## WHAT YOU ARE ASKED TO DO
Reproduce the full listing below exactly. Do not include the pictures.

## SOURCE MATERIAL
----
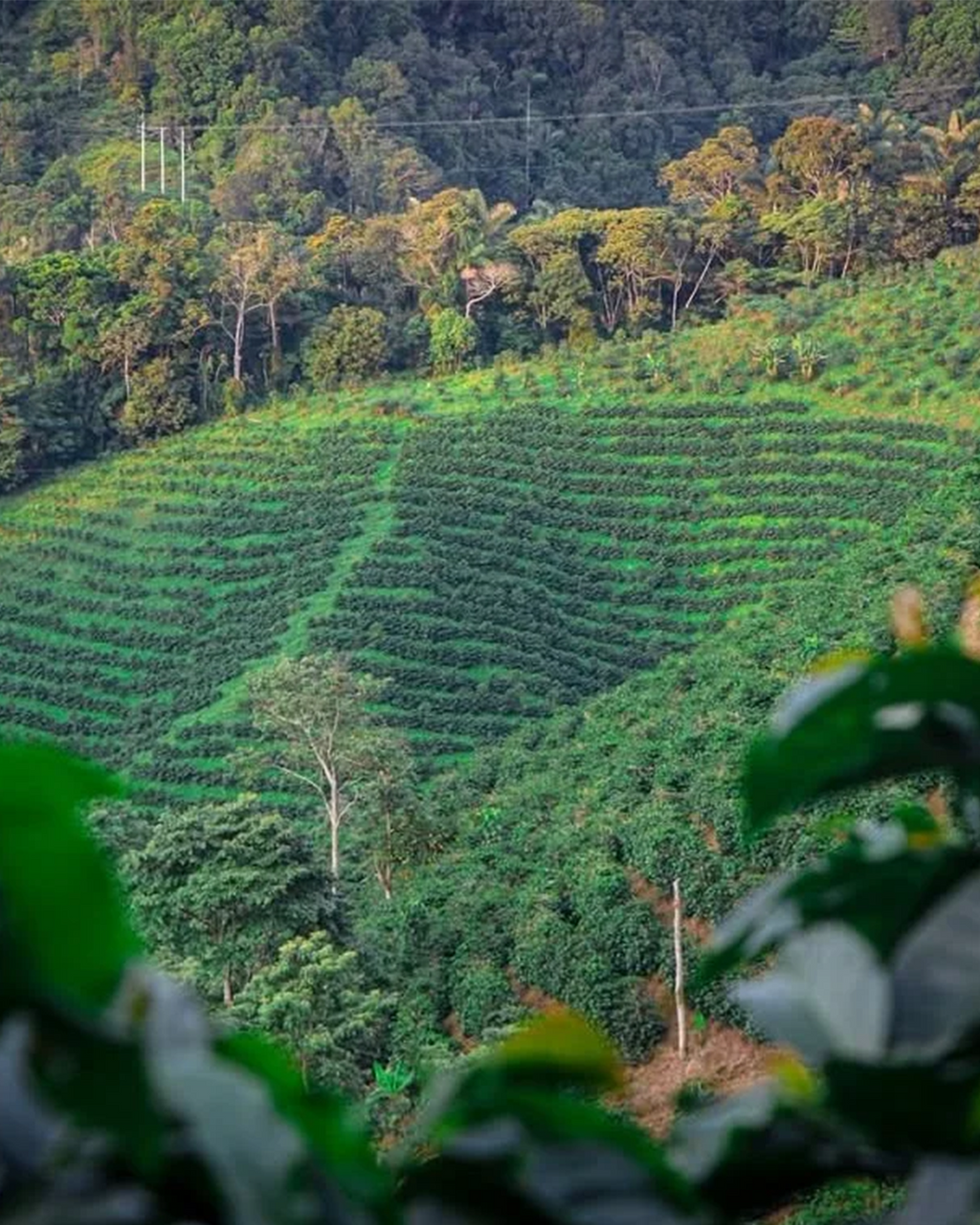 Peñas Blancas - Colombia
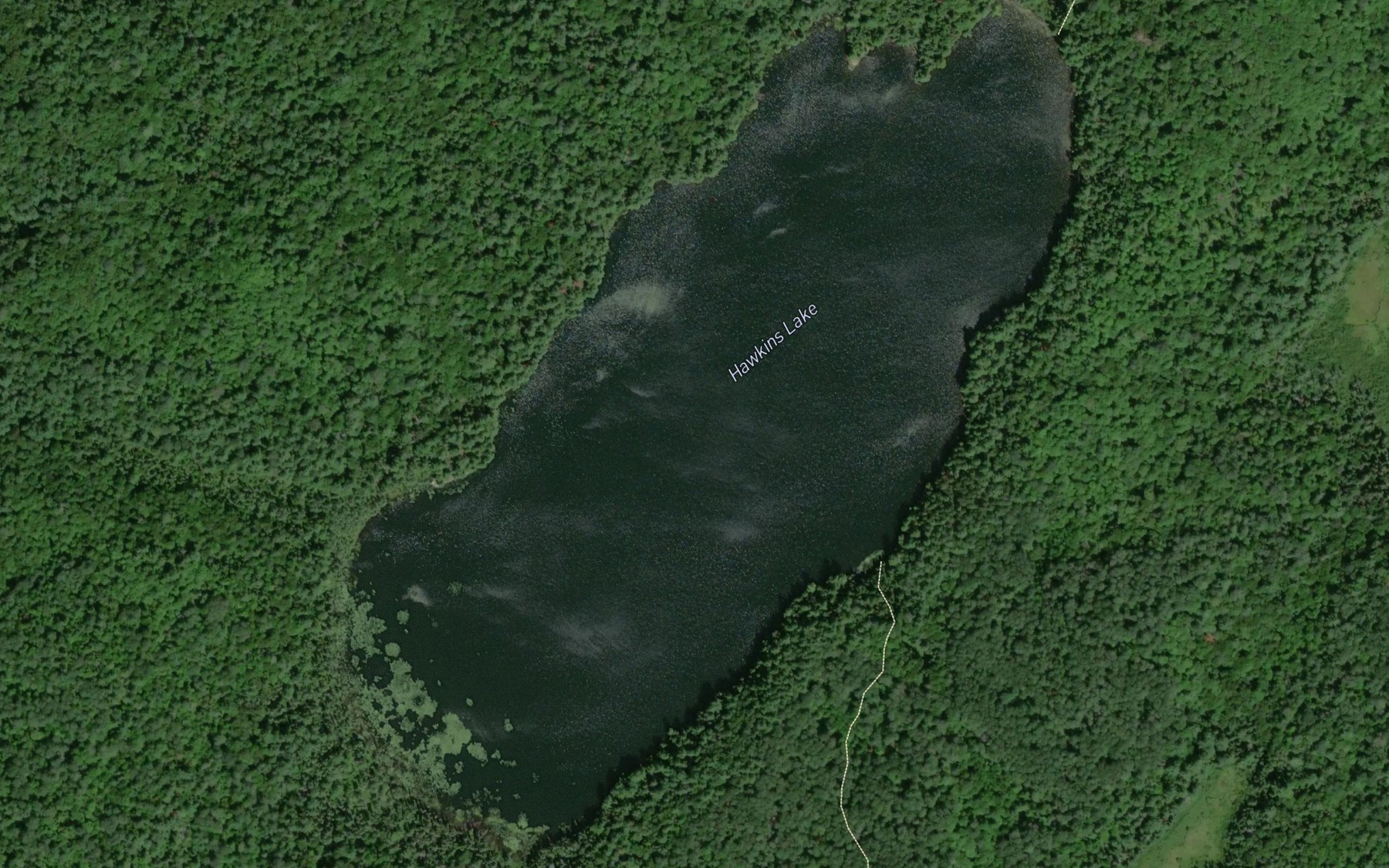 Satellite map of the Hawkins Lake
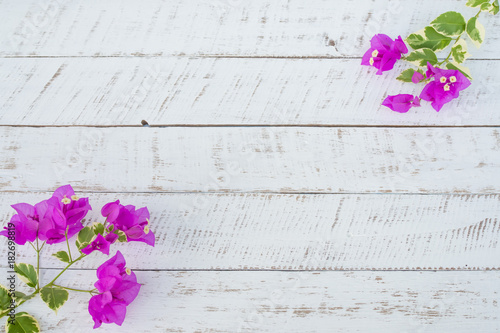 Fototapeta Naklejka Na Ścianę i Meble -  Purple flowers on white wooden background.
----
## RESPONSE TO THIS EXERCISE
 Peñas Blancas - Colombia
 Satellite map of the Hawkins Lake
 Fototapeta Naklejka Na Ścianę i Meble -  Purple flowers on white wooden background.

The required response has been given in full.